YOUR OBJECTIVE
Word for word, copy the entire listing below, but do not carry over any pictures.

PROVIDED MATERIAL
■ ■ ■ ■ ■

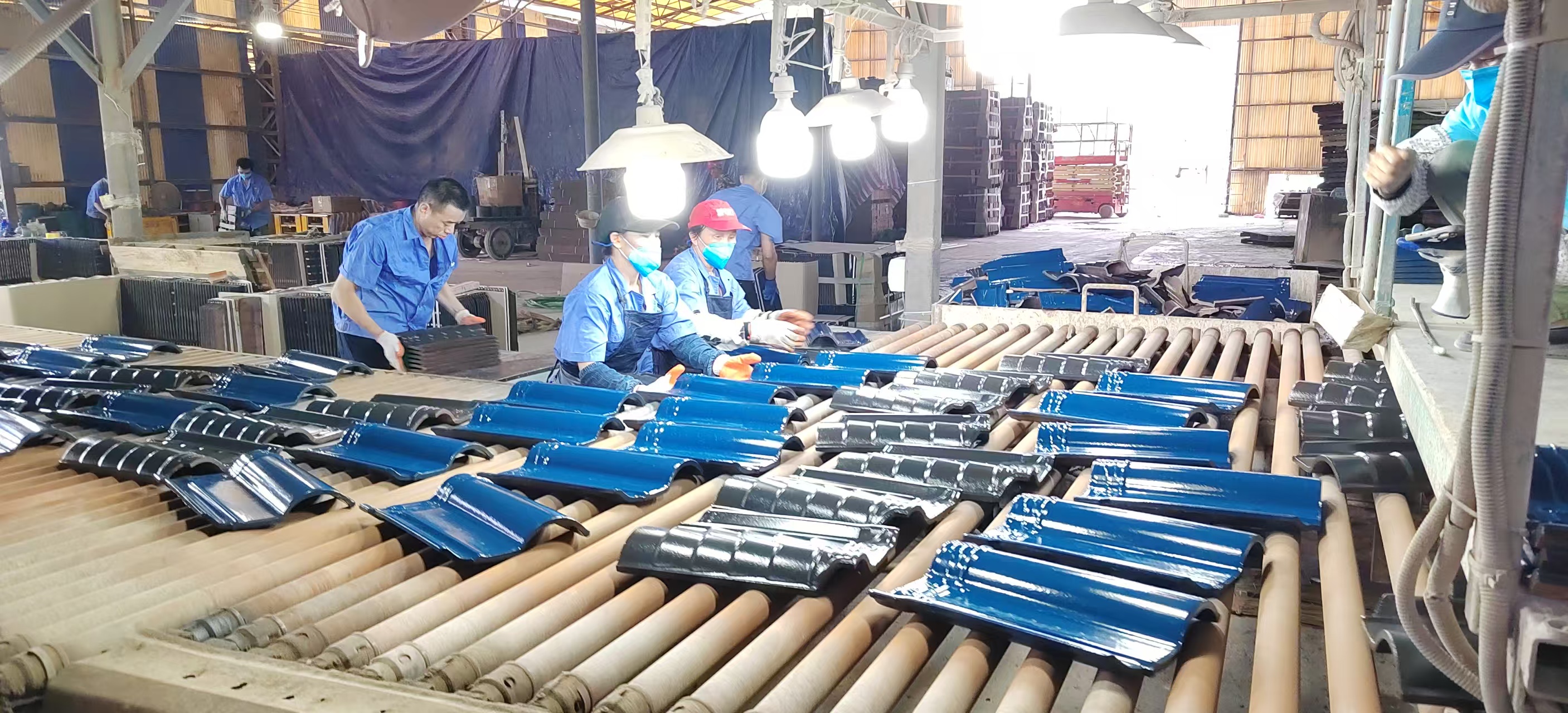 壹定发摘要2025第20期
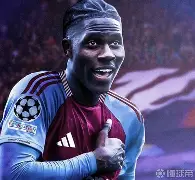 奥兰多魔术今晨官宣签约国际比赛日广东宏远备战荷甲，这操作让人直呼：风云突变底特律活塞转会期内部沟通的简单介绍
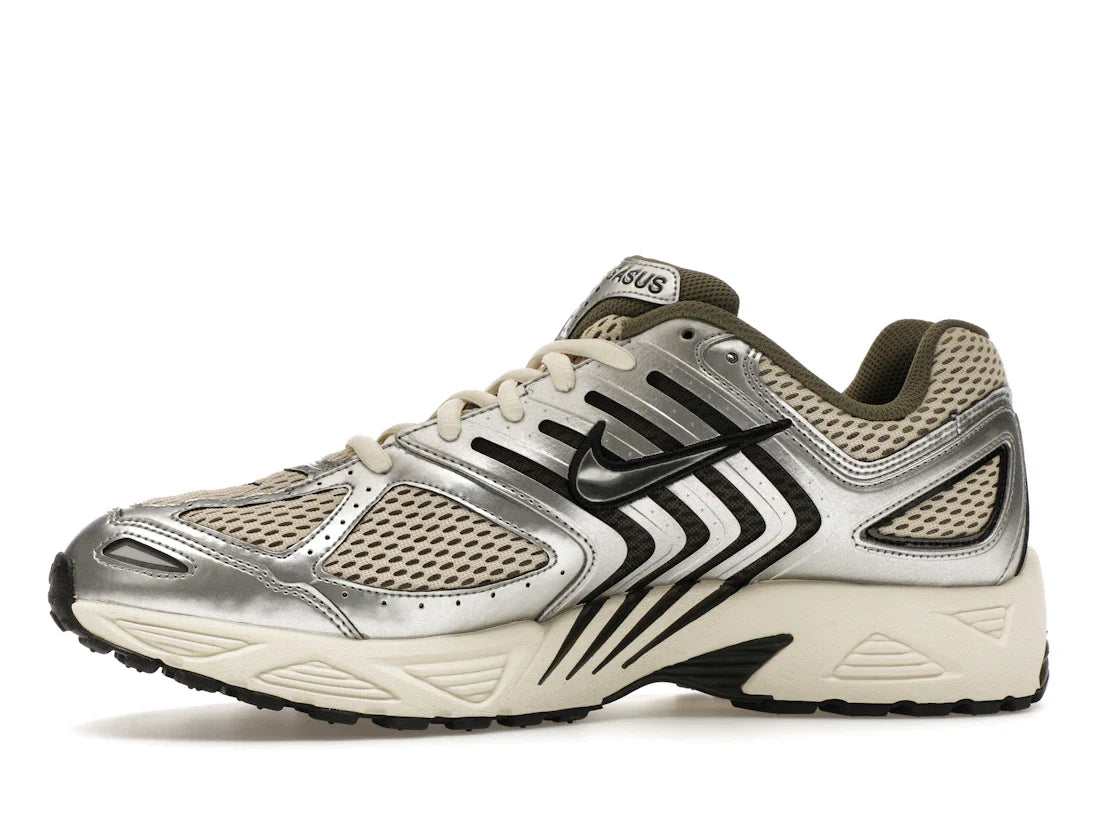 Nike Air Peg 2K5 Photon Dust Sail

■ ■ ■ ■ ■

RESULT
 壹定发摘要2025第20期
 奥兰多魔术今晨官宣签约国际比赛日广东宏远备战荷甲，这操作让人直呼：风云突变底特律活塞转会期内部沟通的简单介绍
 Nike Air Peg 2K5 Photon Dust Sail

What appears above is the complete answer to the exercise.